**YOUR GOAL**
No pictures go into the copy. Write out every line below exactly.

**DATA SECTION**
::::

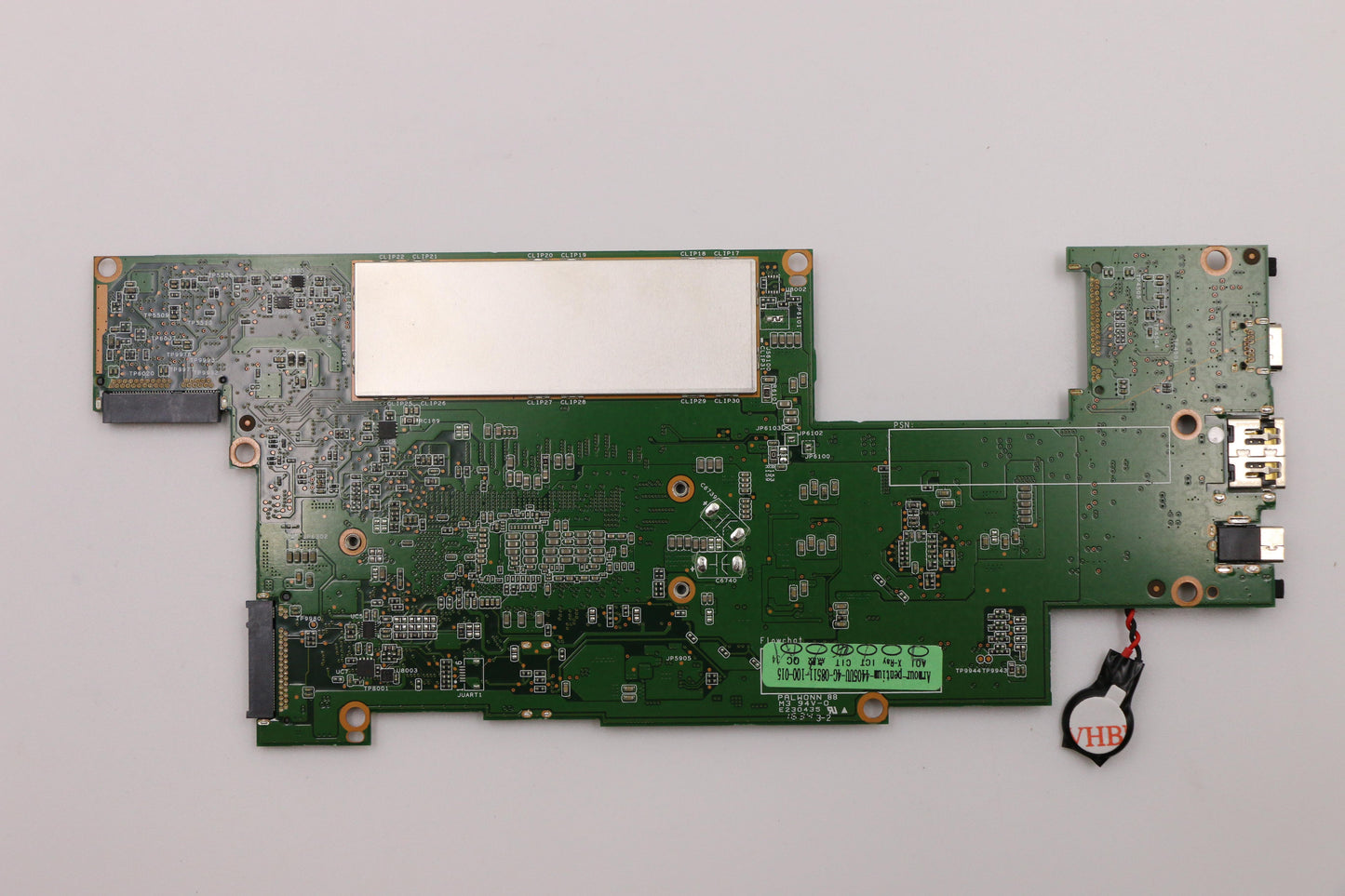Lenovo Mb 3N80U1 4405Uwin 4G - 5B20M28834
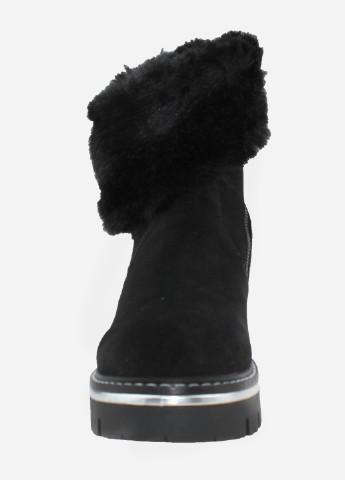 Черевики RF95325-11 Чорний Favi (251109271)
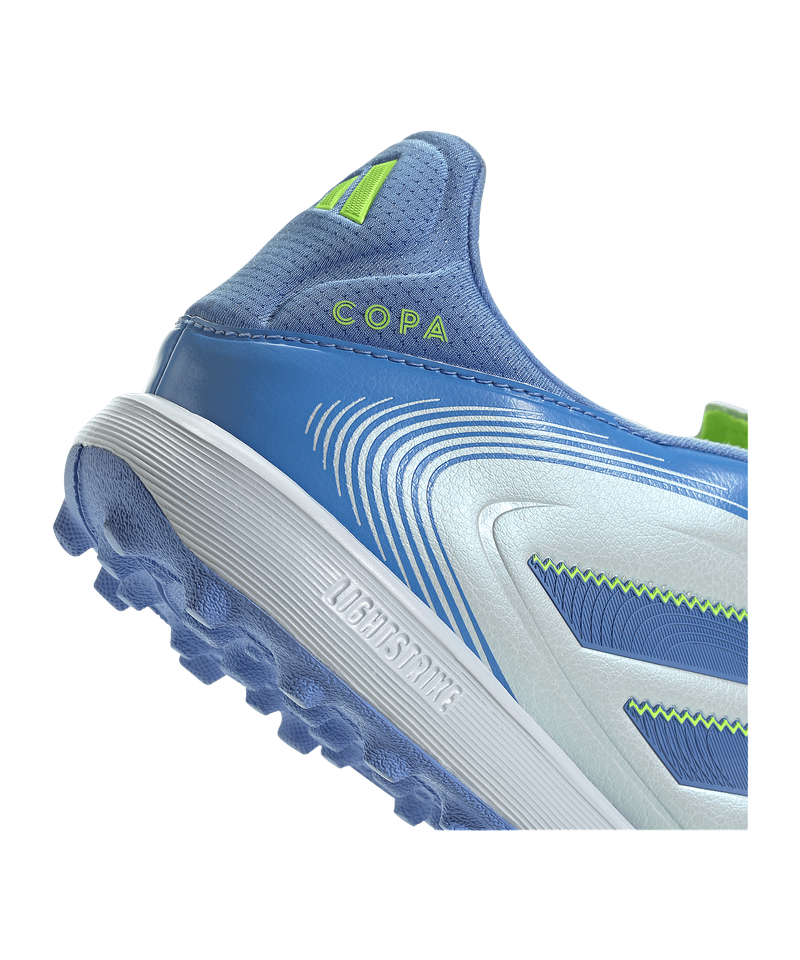 adidas COPA Pure III League TF Celestial Victory - Blue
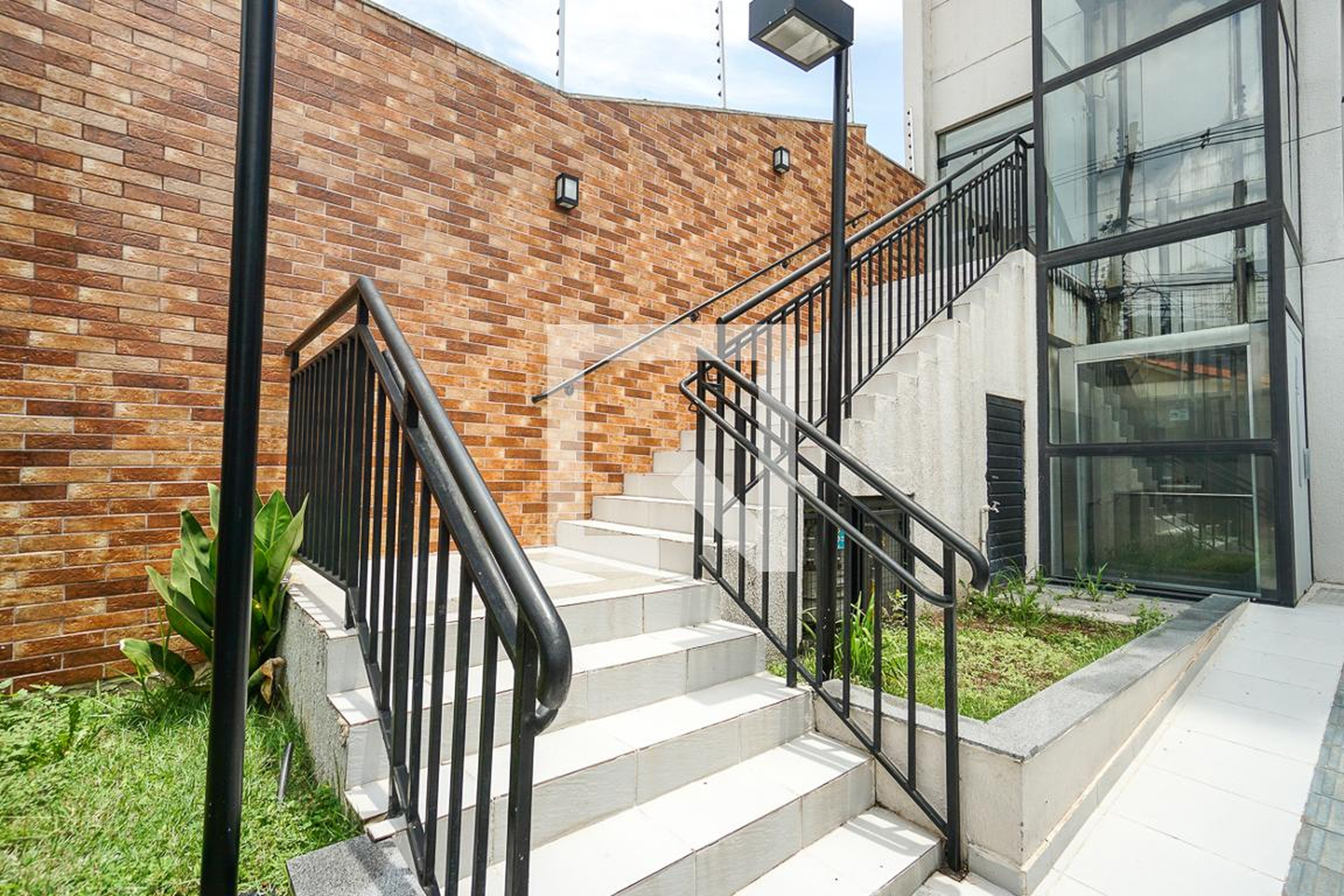 Entrada - Residencial Viva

::::

**TASK OUTPUT**
Lenovo Mb 3N80U1 4405Uwin 4G - 5B20M28834
 Черевики RF95325-11 Чорний Favi (251109271)
 adidas COPA Pure III League TF Celestial Victory - Blue
 Entrada - Residencial Viva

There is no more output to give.